El alcohol desciende por el esófago hasta las úlceras. Purificadas de nuevo, ya queman como rejones. A continuación, apaga el puro contra su palma y ofrece la petaca a Bucanero, que es un tipo de tragos largos. El humo envuelve a los dialoguistas en una estola tétrica. Vuelven a cruzar el pensamiento del golpe de Estado y la reflexión demanda la pregunta definitiva para el tercero, para el gánster de las cien mil palabras.
—Tú, ¿qué opinas sobre todo esto?
Cien mil palabras calladas hasta el momento.
Él frunce el ceño mientras estira unos guantes de piel rojos en las manos. Retuerce la membrana sin cuartear y abandona la imagen en el espejo. Los tres planos desaparecen succionados, aunque la frente resiste un instante más, tal que albergase densidad diferente. Entonces sus botas pisan una madera carcomida de esa barraca de La Torrasa, suburbio en Hospitalet. Las puntas de los pies describen un giro con el crepitar y se queda observando de medio perfil, cual demiurgo demente, a los que quiere moderar tras un cabeceo. Hasta les escruta la mirada como si hubiera mucho de indescifrable detrás de ella.
—Opino que es suficiente —contesta al fin—. Incluso en un momento parecía que estabais conmigo por política.
Los dos ríen con su extraña parquedad y el hombre al que llaman «Lobo» recoge, muy serio, unas gafitas doradas de ver y un sombrero negro de la mesa. También la otra pistola gemela para la funda izquierda de su cinto.
Fidel Lobo.
Lobo es su apellido.
A esa pistola le había sacado brillo antes.
—Vámonos —ordena—. Por el callejón trasero.

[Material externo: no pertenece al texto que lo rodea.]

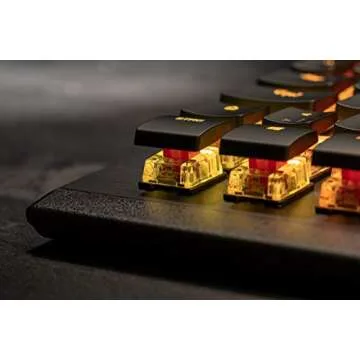 ROCCAT Vulcan 121 AIMO Linear Mechanical Titan Switch Full-size PC Gaming Keyboard with Per-key AIMO RGB Lighting, Anodized Aluminum Top Plate and Detachable Palm Rest – Black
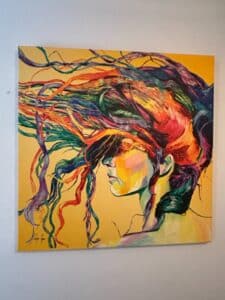 Abstract-Portrait-of-a-Woman-with-Flowing-Hair-by-Linzi-Lynn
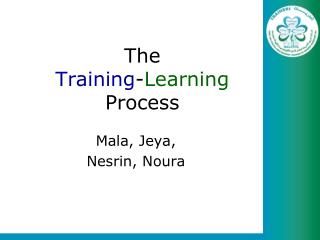 The Training - Learning Process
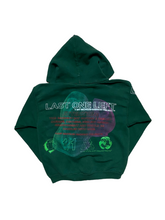 Load image into Gallery viewer, Dark Green Youth Hoodie (M 10-12)
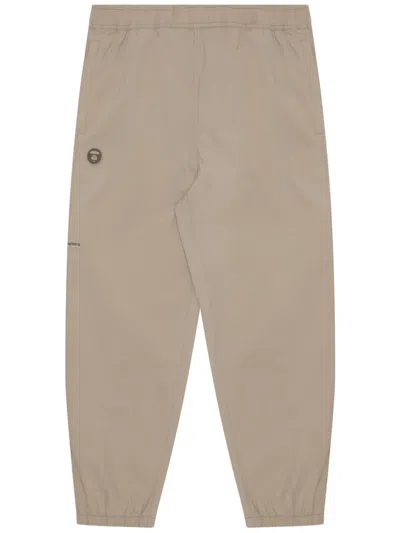 Aape By A Bathing Ape Logo-appliqué Cargo Trousers In Nude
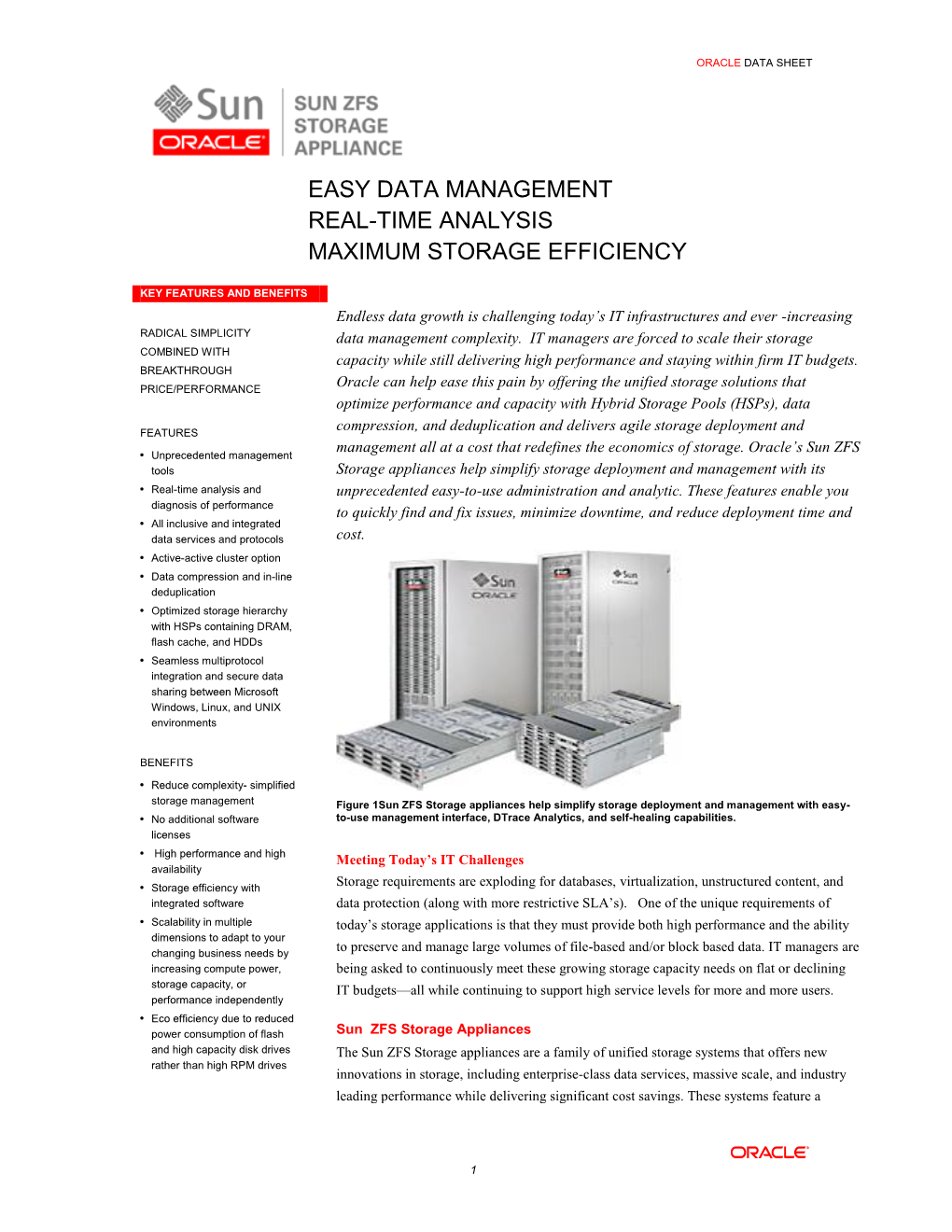 Sun Storage 7000 Series Family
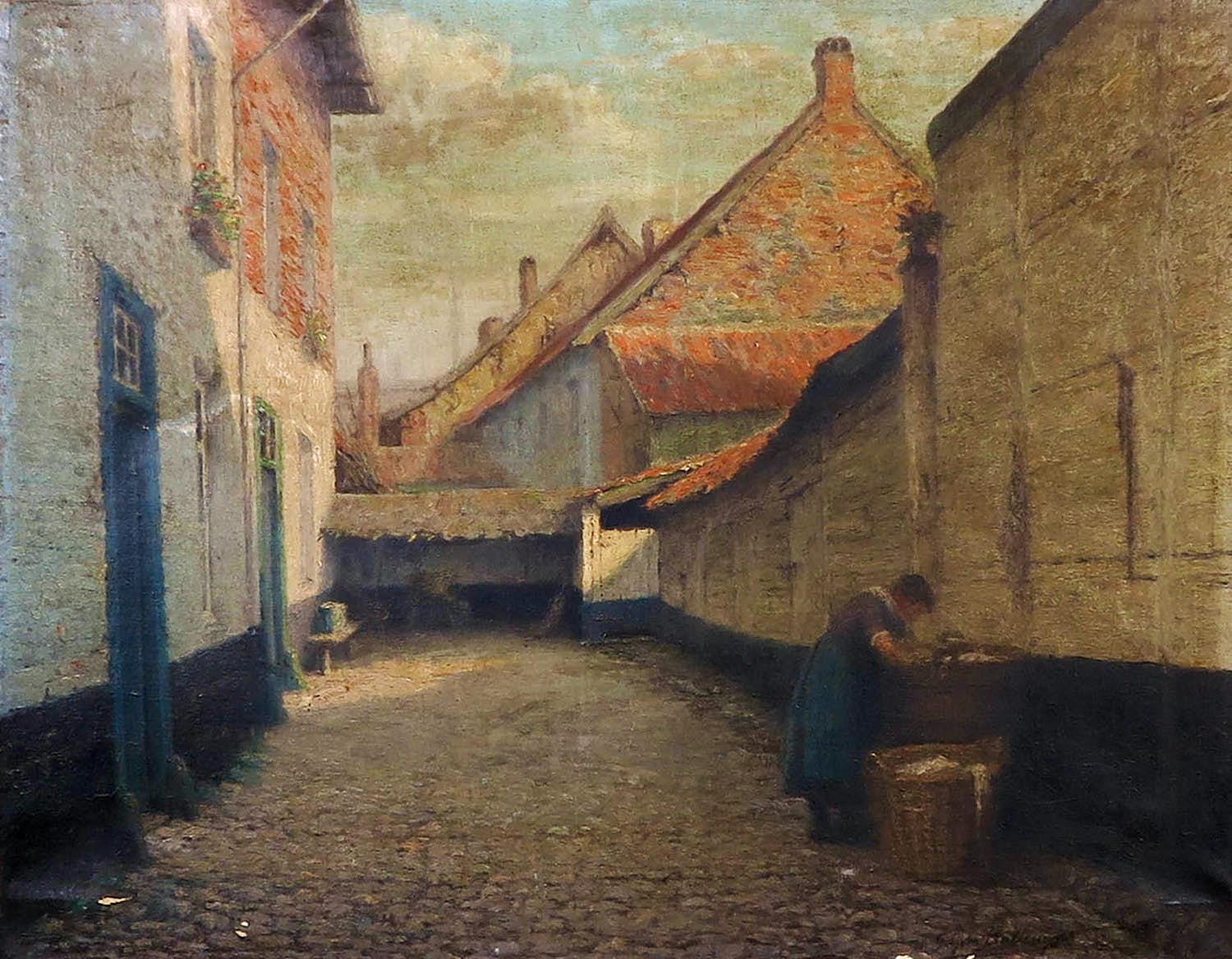 Giljom Ballewijns - Olieverf op doek, Zonder titel verkocht voor € 50!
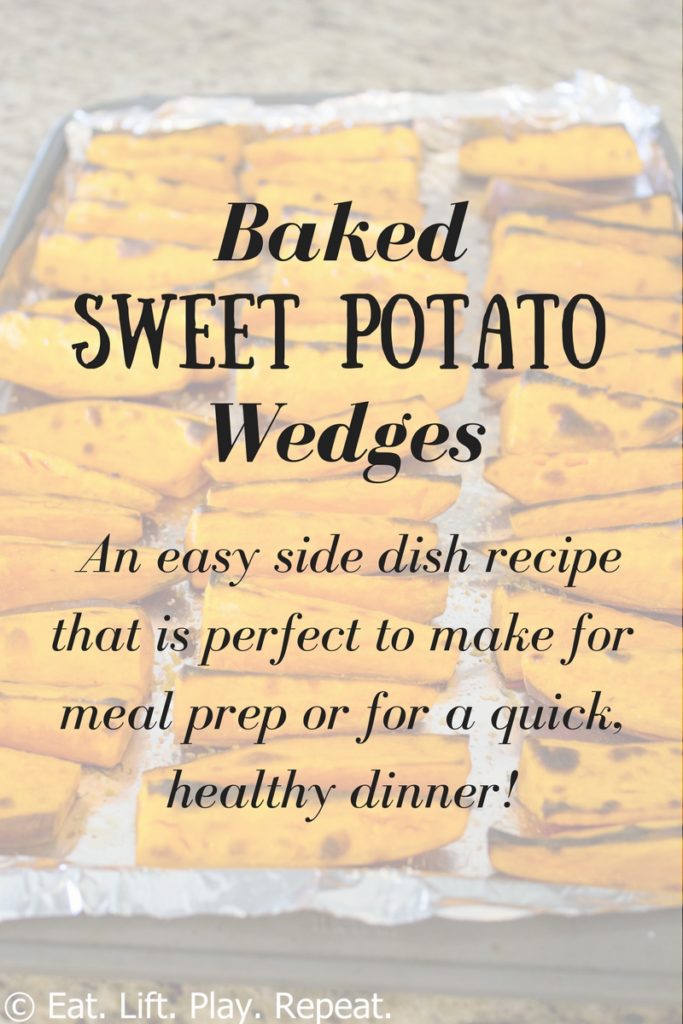 Baked Sweet Potato Wedges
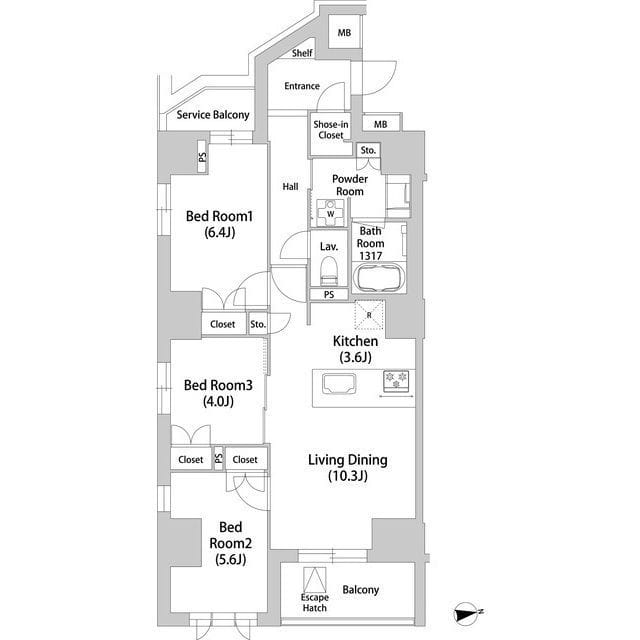 広尾ヴィラスクエア 0402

—Llegaremos antes de la hora prevista.
Lobo eleva una mano, sugiriendo el magisterio menos parco.
—Cuando nos adelantamos, el ánimo de los demás ya no es el contemplativo de una agenda, sino que se ve afectado por la alternativa. ¿Hace cuánto que están donde yo acabo de llegar?, ¿qué ventaja habrán obtenido durante mi falta de reacción? y ¿cómo puedo recuperarla desde la nostalgia de lo nunca ocurrido? Mientras alguien se plantee esas preguntas no encontrará su propio lugar en el suceso. —Chasquea dedos—. En definitiva, el éxito de un atraco o de un golpe de Estado está en aparecer antes de la hora prevista.